These are all questions that have a significant impact on how your life will look, and therefore to make a wise decision you must talk these things over with anyone you considering marrying.
Do you want to make it work with them?
This question is entirely dependant on you. So much of who you are, what you want, and what you’re willing to work with guides this question.
The fact of it is, marriage is difficult, it is work, but do you want to work through those things with this person to make the marriage last? You’re not going to find someone who is exactly like you, and so in the things you are different in are you wanting to work through them to make the relationship work?
You may find you click on about everything you can imagine but you but heads with their family every hour on the hour. Is your desire to make it work stronger than the difficulty that will bring? Perhaps you’re an extrovert and their an introvert, are you both able figure out compromises to make sure you bother are emotionally healthy? Is there something there, even if you can’t put your finger on it, that tells you, ‘I just don’t really care if this works?’ If you don’t care it’s probably a sign you are wanting to make it work.
I don’t know if these two questions are a silver bullet to finding your spouse, but as someone who generally analyzes the crap out of things and can have difficulty discerning what to do in a relationship, I can tell you this has simplified my dating life tremendously.
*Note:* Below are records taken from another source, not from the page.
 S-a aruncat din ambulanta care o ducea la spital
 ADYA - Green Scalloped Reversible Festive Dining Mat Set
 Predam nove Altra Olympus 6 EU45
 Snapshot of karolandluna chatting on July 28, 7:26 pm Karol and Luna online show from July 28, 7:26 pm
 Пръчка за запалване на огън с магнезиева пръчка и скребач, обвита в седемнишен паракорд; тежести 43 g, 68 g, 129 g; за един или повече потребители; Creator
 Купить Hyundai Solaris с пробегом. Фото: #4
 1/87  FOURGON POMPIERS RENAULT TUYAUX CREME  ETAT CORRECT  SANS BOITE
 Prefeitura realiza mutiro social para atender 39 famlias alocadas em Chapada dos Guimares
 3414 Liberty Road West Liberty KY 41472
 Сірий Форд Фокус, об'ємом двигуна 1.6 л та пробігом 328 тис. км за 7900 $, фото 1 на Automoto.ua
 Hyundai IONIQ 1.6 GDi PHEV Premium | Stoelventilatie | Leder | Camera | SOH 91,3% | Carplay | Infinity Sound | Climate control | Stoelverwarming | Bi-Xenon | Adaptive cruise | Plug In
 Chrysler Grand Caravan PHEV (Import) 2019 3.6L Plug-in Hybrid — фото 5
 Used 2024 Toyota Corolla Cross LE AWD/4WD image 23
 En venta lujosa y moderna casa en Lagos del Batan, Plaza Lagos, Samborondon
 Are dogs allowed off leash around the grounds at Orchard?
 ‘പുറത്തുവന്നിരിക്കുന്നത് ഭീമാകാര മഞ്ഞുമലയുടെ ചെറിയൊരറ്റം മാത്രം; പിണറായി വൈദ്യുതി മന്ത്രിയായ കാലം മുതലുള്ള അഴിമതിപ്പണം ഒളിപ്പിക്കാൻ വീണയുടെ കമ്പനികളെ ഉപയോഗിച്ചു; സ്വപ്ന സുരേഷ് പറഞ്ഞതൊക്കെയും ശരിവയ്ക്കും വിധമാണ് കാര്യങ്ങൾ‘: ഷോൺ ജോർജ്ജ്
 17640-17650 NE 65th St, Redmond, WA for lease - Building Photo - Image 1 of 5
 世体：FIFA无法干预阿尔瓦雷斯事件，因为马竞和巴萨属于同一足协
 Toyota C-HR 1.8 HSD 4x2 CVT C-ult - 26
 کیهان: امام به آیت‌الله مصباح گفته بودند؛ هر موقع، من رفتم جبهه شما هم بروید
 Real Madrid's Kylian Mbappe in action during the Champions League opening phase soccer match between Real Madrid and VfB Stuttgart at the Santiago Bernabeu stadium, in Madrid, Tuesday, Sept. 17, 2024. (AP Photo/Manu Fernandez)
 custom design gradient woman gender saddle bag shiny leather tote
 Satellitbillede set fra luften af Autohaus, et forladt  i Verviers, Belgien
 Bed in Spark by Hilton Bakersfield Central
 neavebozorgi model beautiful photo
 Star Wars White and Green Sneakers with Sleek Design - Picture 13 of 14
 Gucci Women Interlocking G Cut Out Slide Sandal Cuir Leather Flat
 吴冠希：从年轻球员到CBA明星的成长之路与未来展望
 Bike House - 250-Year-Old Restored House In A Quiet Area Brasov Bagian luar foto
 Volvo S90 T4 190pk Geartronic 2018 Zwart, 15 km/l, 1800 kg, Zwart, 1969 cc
I am usually the type that can sit there and analyze every aspect of a relationship and every memory with that person trying to discern if I should keep trying or if I made a mistake in giving up. I’ll even analyze if me analyzing the relationship is the reason it didn’t work! As I’ve used these questions to guide me I’ve found myself very easily walking away from relationships knowing my answer to one of these questions is no. I’ve also found myself feeling very clear-minded if I want to pursue something with a girl based on being able to answer, at least from what I know of the girl at the time, yes to both of these questions.
It’s been a huge help to me personally and hopefully, this can help you along the way too. If not, I sure would like to know why you found it doesn’t work so I can save myself the trouble too. Until then, happy hunting.